**To do**. The line containing "Chunky mustard yellow" and each line after it, through the final line of the data, are to be retyped exactly, with pictures left out.

**Information supplied**.
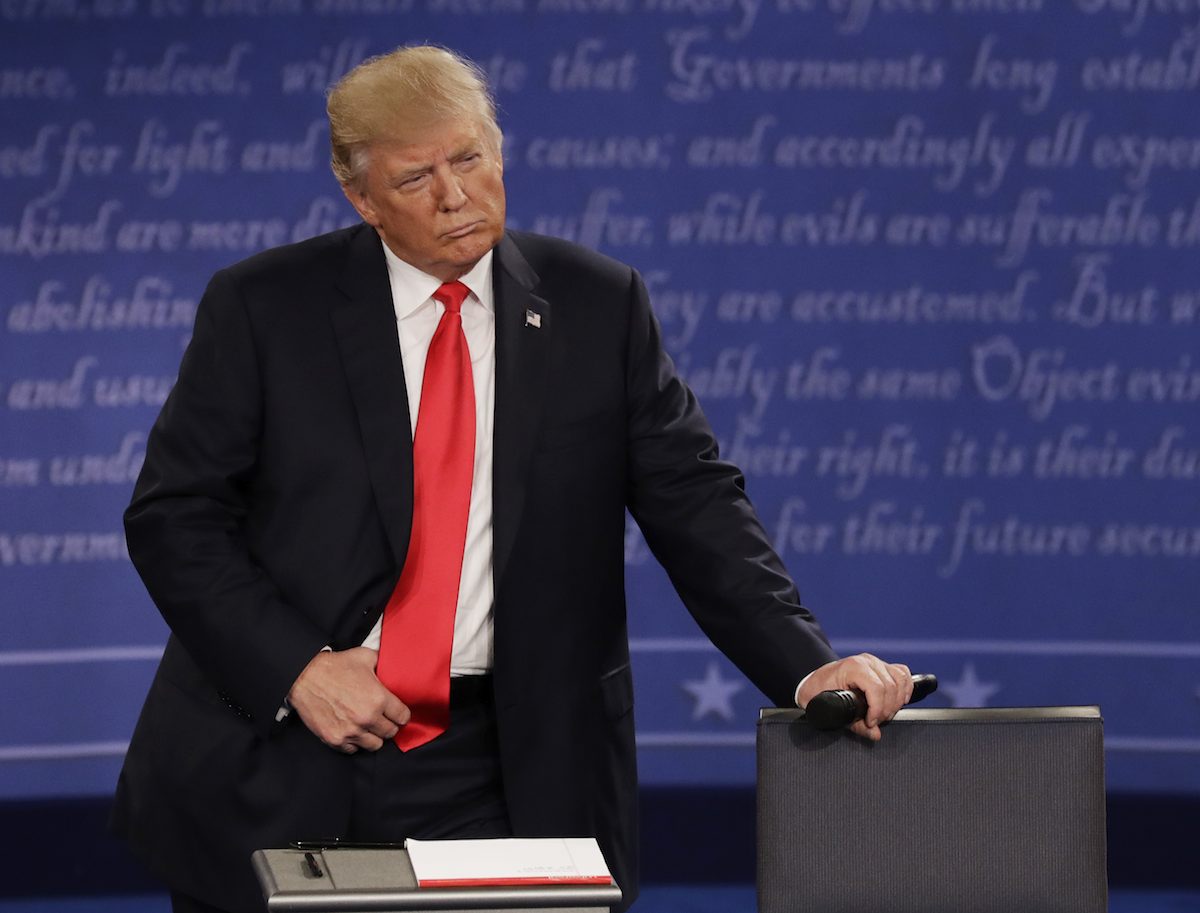 Republican presidential nominee Donald Trump listens to Democratic presidential nominee Hillary Clinton during the second presidential debate at Washington University in St. Louis, Sunday, Oct. 9, 2016. (AP Photo/Patrick Semansky)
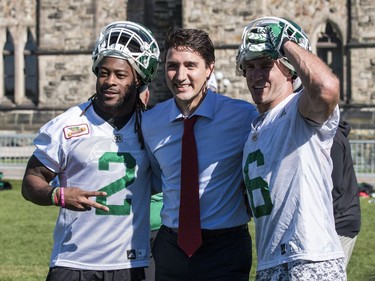 The Saskatchewan Roughriders practiced on Parliament Hill in Ottawa on Tuesday October 11, 2016. Prime Minister Justin Trudeau has his photo taken with RB Curtis Steele (#2) and WR Rob Bagg. Errol McGihon/Postmedia ORG XMIT: POS1610111501421894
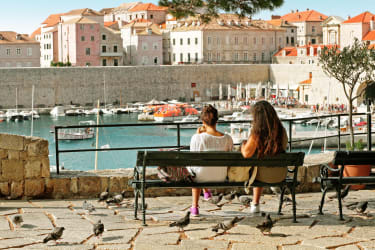 To kvinner sitter på en benk og ser mot Dubrovniks gamleby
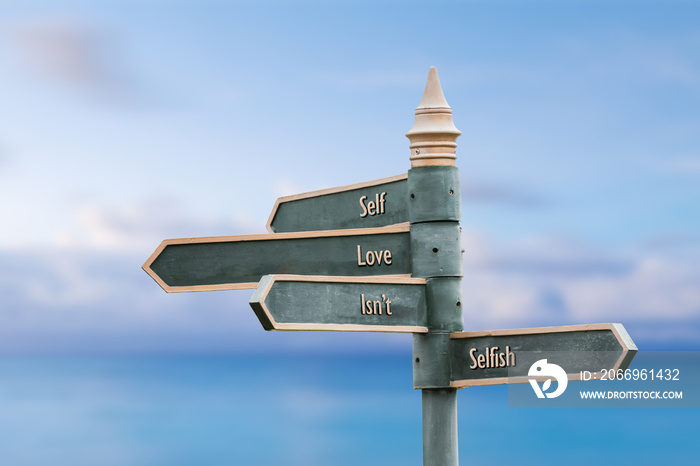 self love isnt selfish four word quote written on fancy steel signpost outdoors by the sea. Soft Blue ocean bokeh background.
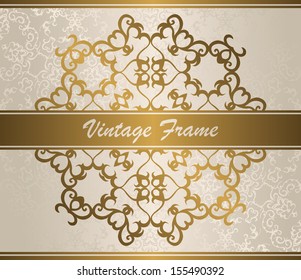 Elegant vintage frame in gold. Light background. Seamless wallpaper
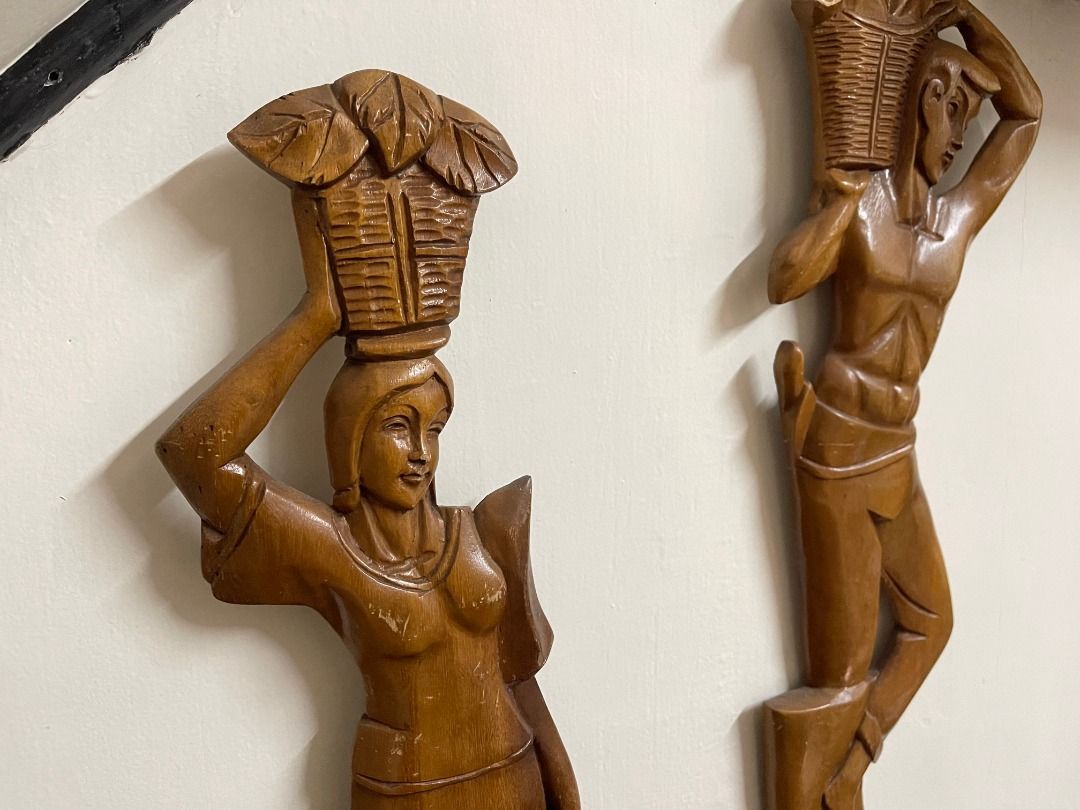 1960s Wooden Decor | Vintage (Category: Wall Decor) located in Quezon City. Submitted by reallyrealreal (Listing ID 1423322534, Image 2). Description: Original Price: 5000 Bought in the 1960s From the Philippines Unknown wood type Per piece Width: 16 Depth: Height: 57 SKQCET0047 - Set of two wooden carved figures - Depicts a man and a woman - Figures are carrying baskets - Hand-carved details - Intended for wall decoration - Brown color - Glossy 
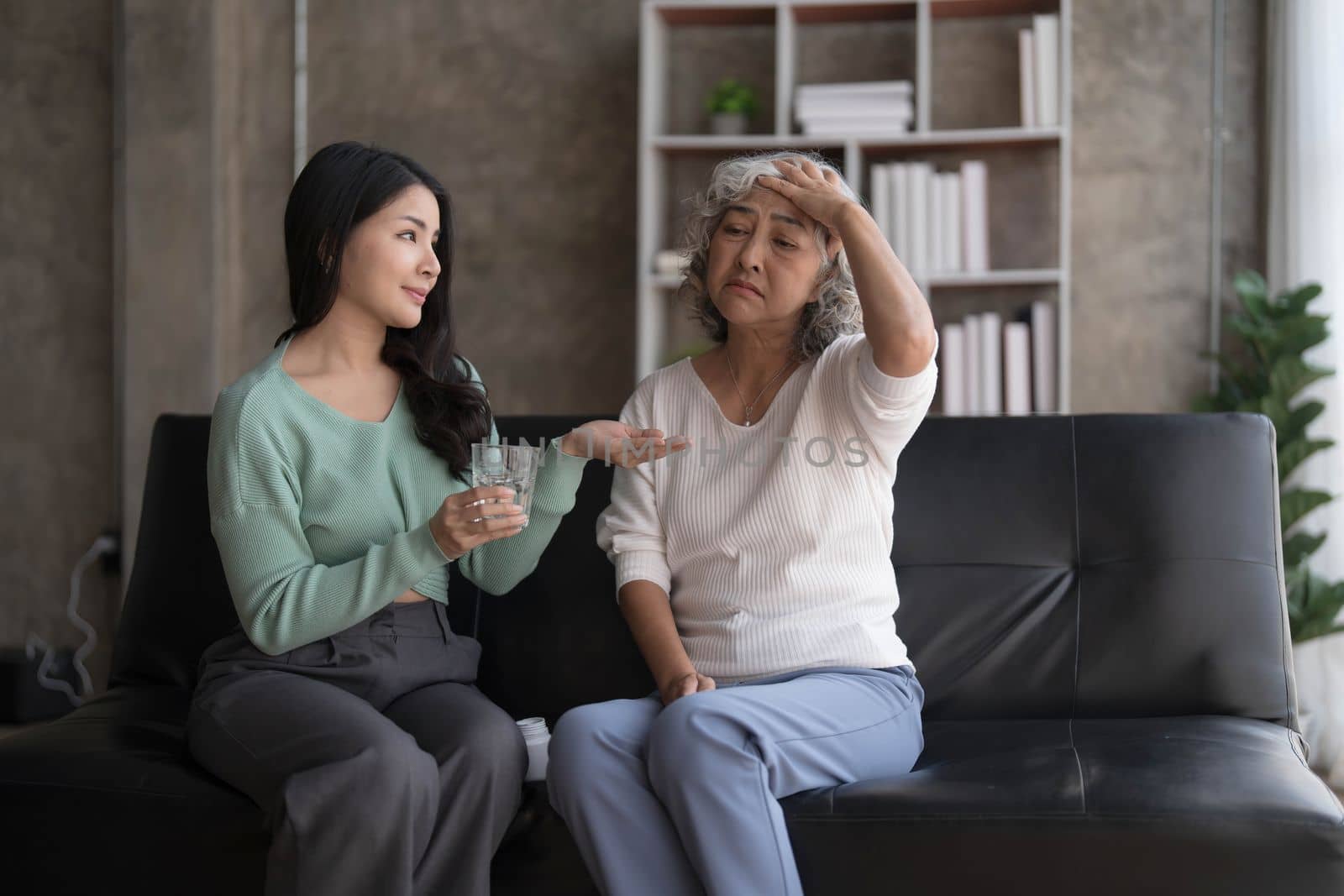 Young Asian woman taking care and giving a glass of water and taken daily medicine or vitamin supplements, elderly healthcare and grandmother. by wichayada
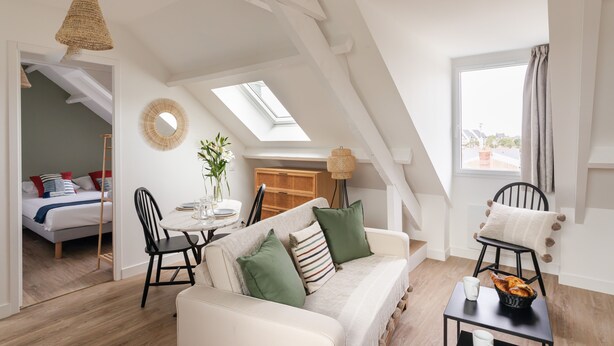 A cozy loft-style room with a sofa, dining table, and a view of the city through a skylight. - Force 9 - Proche plage de Rochebonne (Saint-Malo)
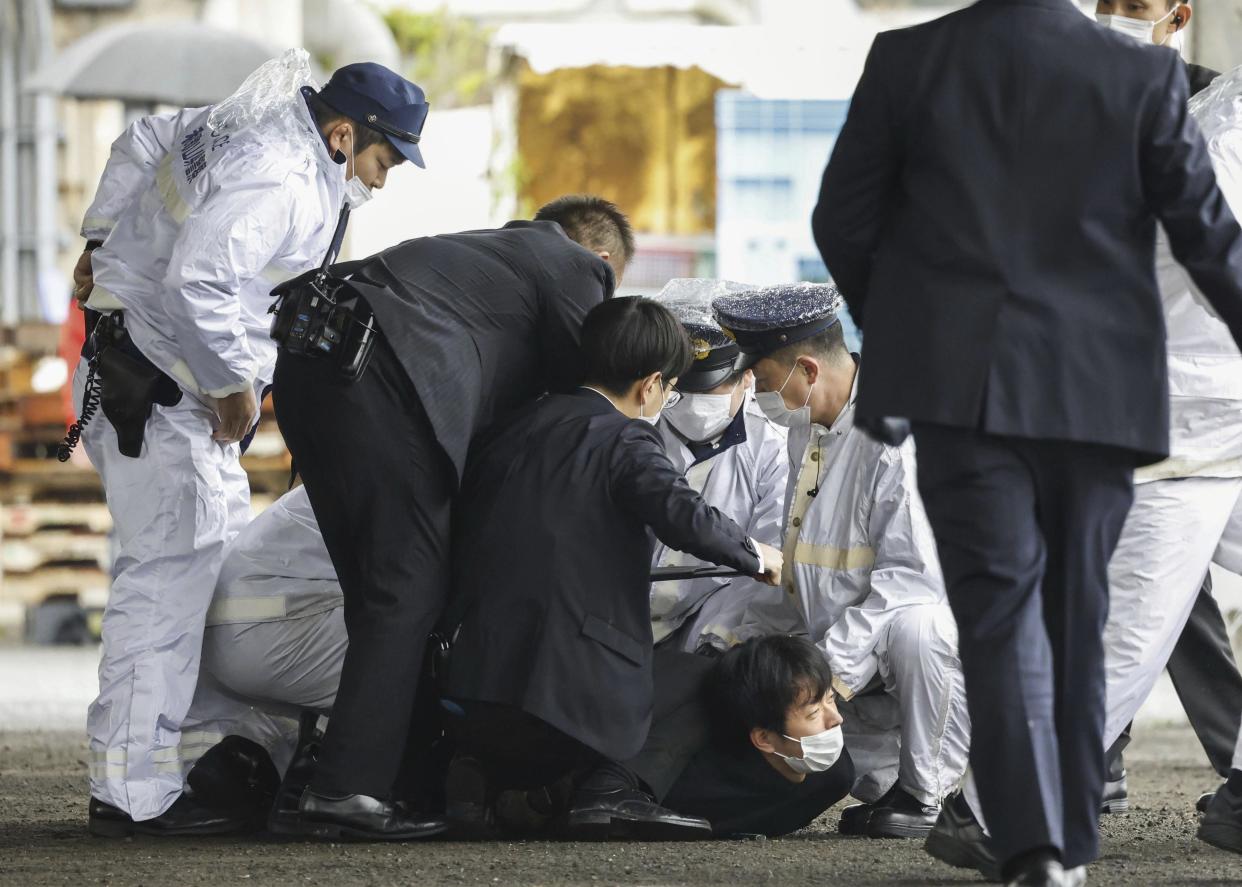 A man believed to be a suspect, center on the ground, is caught by police after he allegedly threw “the suspicious object,” as Japanese Prime Minister Fumio Kishida visited Saikazaki port for an election campaign event in Wakayama, western Japan Saturday, April 15, 2023. Kishida was evacuated unharmed Saturday after someone threw an explosive device in his direction while he was campaigning at the fishing port in western Japan, officials said.(Kyodo News via AP)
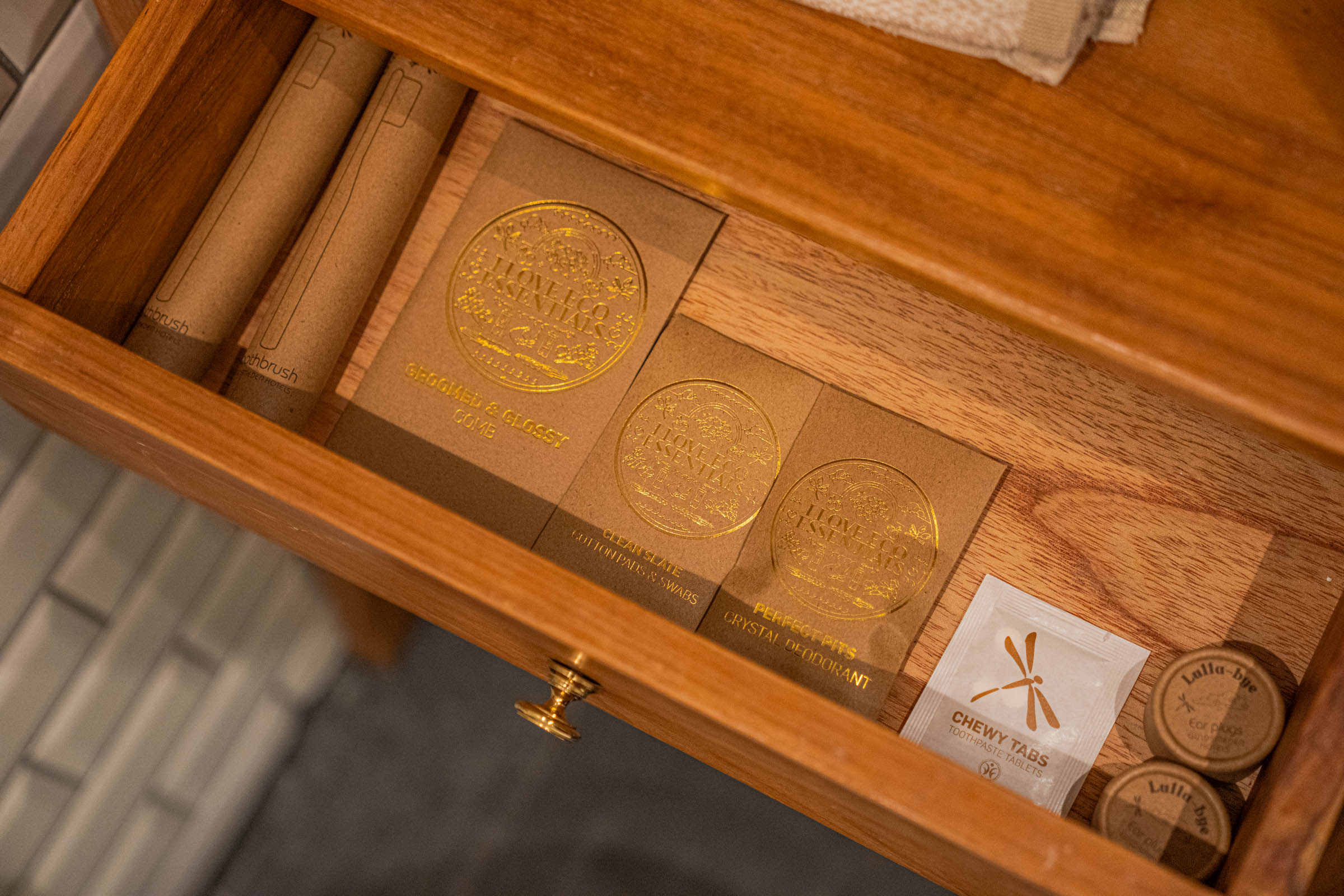 Open teak drawer with bamboo toothbrush, kraft paper comb, cotton pads, crystal deodorant, toothpaste tablets and ear plugs, photo by Marko Tadić, founder of Mr.M blog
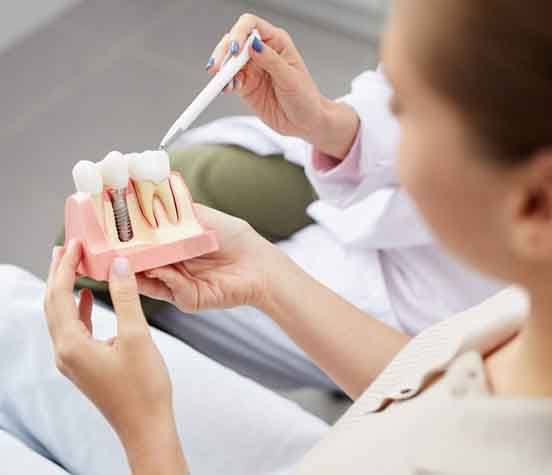 a patient holding a model of a dental implant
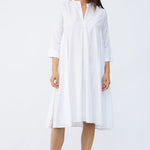 Front view of rice short tule dress on model wearing natural sandals, against a white background.
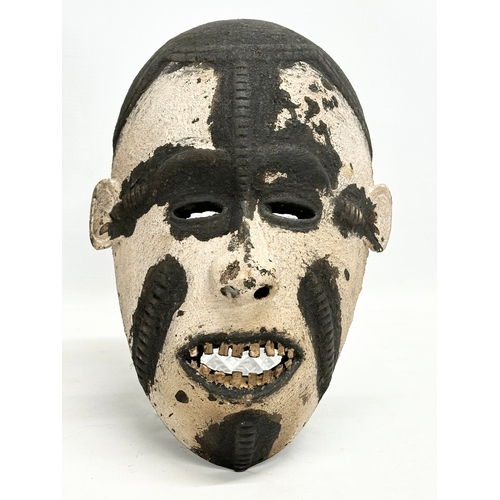 45 - 3 early 20th century African face masks. 28cm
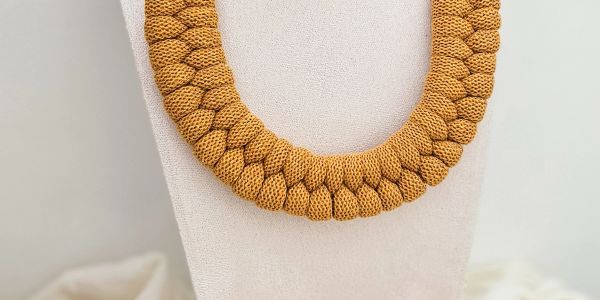 Chunky mustard yellow knitted necklace on display.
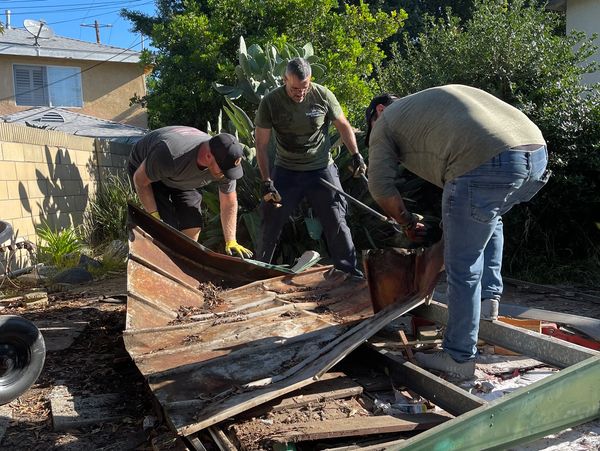 Ocho assists to demolish a hazardous shed in the home of a 100 year old WWII Veteran. OTCF EVENT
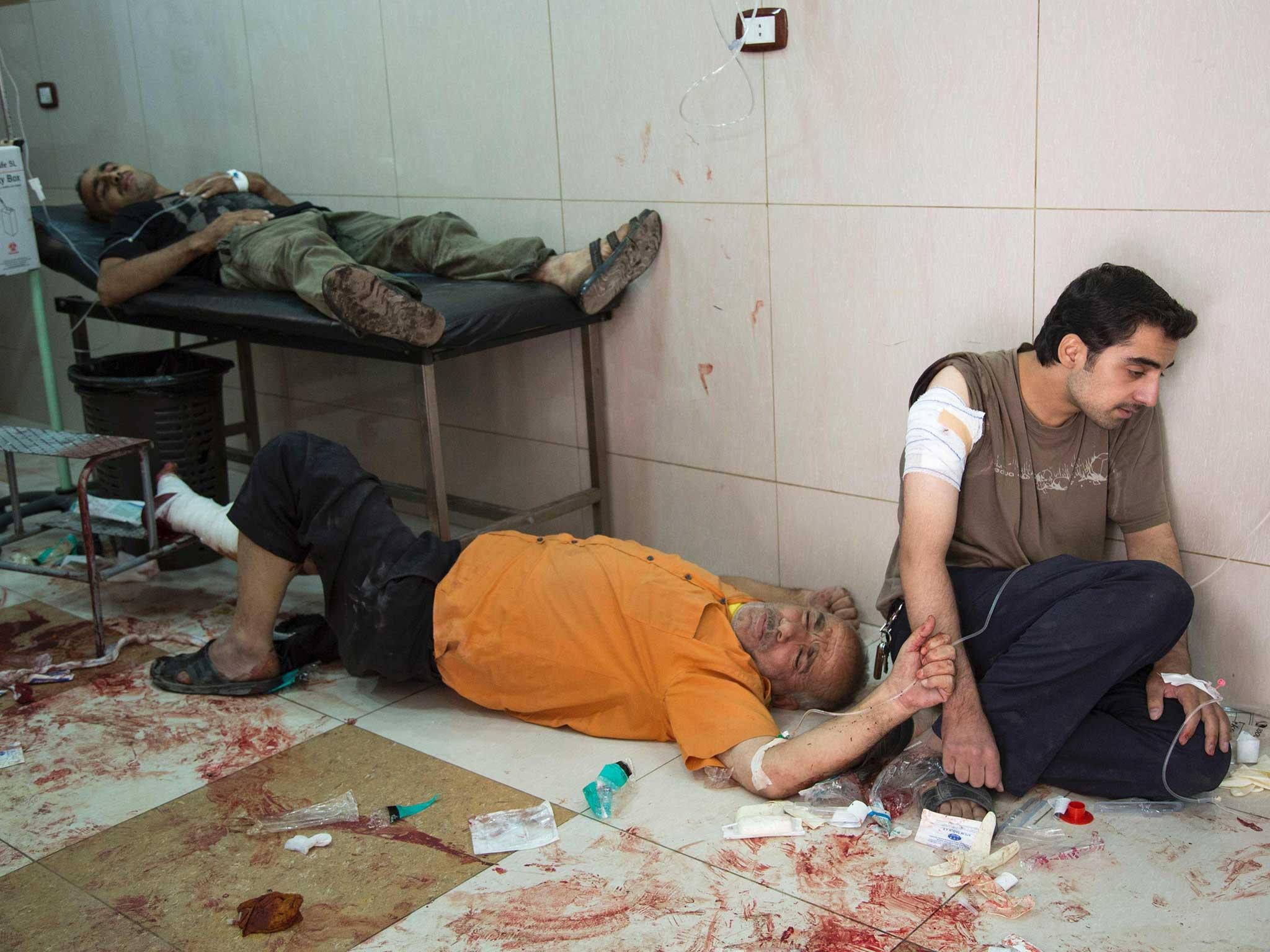 Syrians await to receive treatment at a make-shift hospital following air strikes on rebel-held eastern areas of Aleppo on September 24, 2016.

**Response to this exercise**.
 Chunky mustard yellow knitted necklace on display.
 Ocho assists to demolish a hazardous shed in the home of a 100 year old WWII Veteran. OTCF EVENT
 Syrians await to receive treatment at a make-shift hospital following air strikes on rebel-held eastern areas of Aleppo on September 24, 2016.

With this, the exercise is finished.